In April 2005, 11-year-old Maribel Cuevas was involved in a neighborhood squabble and returned a rock that a group of boys threw at her outside her Fresno, California home-hitting 8-year-old Elijah Vang in the forehead. Although Vang’s parents pressed no charges, police arrested the 11-year old and took her to a juvenile detention center for felony assault–holding her for five days before she was released on the condition that she wear an electronic ankle bracelet to monitor her location.

“If this was a middle-class or upper-class neighborhood it would have been a very different outcome,” Rev. Floyd Harris Jr. told reporters after leading a 100- person vigil to support Maribel. “Police don’t have the same respect for people of color in this town.” Martin Cuevas, Maribel’s father, commented, “She will never have trust in the police after what they did to her.” And with good reason.

Parents who fight back against racial injustice often become targets for local police. Last month, 7-year-old Gerard Mungo, Jr. was arrested in East Baltimore for sitting on a motorized dirt bike in front of his home, with the engine off. Dirt bikes are illegal in Baltimore. But, As Baltimore Sun columnist Gregory Kane commented, “there’s a Sun article from August, 2002 that says police were stopping commuters who were riding motorized scooters – banned along with dirt bikes in 2000 – and impounding the vehicles. That’s stopping and impounding, not arresting the riders. The arrest was reserved for the 7-year-old black kid from a poor East Baltimore neighborhood.”

Gerard was handcuffed to a bench at the police station for two hours while his bike-which his parents gave him just days earlier for his seventh birthday-was confiscated.

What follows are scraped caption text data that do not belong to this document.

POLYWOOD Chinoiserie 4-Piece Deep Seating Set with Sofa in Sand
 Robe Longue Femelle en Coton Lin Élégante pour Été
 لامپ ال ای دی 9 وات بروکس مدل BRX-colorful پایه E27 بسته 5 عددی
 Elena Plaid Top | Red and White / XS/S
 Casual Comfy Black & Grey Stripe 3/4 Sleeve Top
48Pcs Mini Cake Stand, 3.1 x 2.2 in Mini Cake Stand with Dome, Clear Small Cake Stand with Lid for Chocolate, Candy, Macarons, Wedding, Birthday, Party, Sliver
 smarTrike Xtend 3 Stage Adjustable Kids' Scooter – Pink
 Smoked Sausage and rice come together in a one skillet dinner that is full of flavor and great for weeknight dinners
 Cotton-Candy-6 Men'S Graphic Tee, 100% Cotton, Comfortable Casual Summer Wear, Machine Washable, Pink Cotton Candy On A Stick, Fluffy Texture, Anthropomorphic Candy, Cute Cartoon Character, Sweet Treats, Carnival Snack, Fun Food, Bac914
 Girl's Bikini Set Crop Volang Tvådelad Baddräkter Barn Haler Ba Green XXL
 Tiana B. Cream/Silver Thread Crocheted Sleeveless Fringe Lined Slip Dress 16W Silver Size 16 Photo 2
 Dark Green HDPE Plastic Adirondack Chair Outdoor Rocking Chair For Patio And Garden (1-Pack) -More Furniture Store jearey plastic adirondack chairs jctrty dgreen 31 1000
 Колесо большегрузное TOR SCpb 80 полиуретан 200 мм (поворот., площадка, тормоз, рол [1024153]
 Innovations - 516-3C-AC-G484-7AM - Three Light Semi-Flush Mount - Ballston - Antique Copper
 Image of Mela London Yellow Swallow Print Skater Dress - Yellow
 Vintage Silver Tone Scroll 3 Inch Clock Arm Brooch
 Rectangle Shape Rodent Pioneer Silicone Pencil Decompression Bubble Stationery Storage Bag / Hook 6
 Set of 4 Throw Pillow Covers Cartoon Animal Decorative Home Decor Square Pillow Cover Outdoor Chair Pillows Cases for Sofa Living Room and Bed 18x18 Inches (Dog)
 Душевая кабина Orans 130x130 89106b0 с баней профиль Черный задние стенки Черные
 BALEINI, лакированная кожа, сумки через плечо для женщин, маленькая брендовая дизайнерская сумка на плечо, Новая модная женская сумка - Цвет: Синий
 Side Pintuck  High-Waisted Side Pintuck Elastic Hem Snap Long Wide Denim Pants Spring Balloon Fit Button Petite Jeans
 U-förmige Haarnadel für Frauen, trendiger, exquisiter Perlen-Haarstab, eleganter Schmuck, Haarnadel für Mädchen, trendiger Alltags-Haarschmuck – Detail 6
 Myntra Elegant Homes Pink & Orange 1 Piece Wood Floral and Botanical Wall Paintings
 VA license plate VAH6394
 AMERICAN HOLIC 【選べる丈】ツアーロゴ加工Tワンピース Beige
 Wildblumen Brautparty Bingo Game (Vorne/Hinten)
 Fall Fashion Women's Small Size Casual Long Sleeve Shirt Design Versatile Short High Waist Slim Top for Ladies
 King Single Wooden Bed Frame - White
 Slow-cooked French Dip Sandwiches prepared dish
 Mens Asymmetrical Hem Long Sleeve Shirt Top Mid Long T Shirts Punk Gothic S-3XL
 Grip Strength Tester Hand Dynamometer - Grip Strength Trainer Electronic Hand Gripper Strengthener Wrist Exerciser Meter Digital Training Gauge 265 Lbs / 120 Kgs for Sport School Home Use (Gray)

Less than two weeks later, Gerard’s mom, Lakisa Dinkins, was arrested under dubious circumstances. Gerard told reporters as he waited for her release, “They took my mama because I was on TV.” The boy is too young to understand that his mother was targeted for defending his rights. She had the audacity to ask for the arresting officer’s supervisor to approve of the arrest (he did). And just hours before her own arrest, 100 activists had staged a protest against the boy’s arrest outside her home. That same afternoon, police broke down the door of Dinkins’ sister’s home, allegedly searching for “a drug suspect.” No drugs were found, but police nevertheless gathered all 11 family members into the living room for further interrogation. Apparently, one of the officers recognized Gerard’s mother. She heard him tell his supervisor ‘I have the woman whose 7-year-old was arrested for sitting on the bike,'” she said. “Then they arrested me.”

Dinkins was not charged with a crime. Such tactics are designed to intimate activists, yet they seem to have had the opposite effect in this case. “If they want war, they’ll have war,” Marvin “Doc” Cheatham, president of the Baltimore Chapter of the National Association for the Advancement of Colored People, told reporters as he waited for Dinkins’ release from jail. “If this is our Rosa Parks incident, what it takes to wake people up, then so be it.”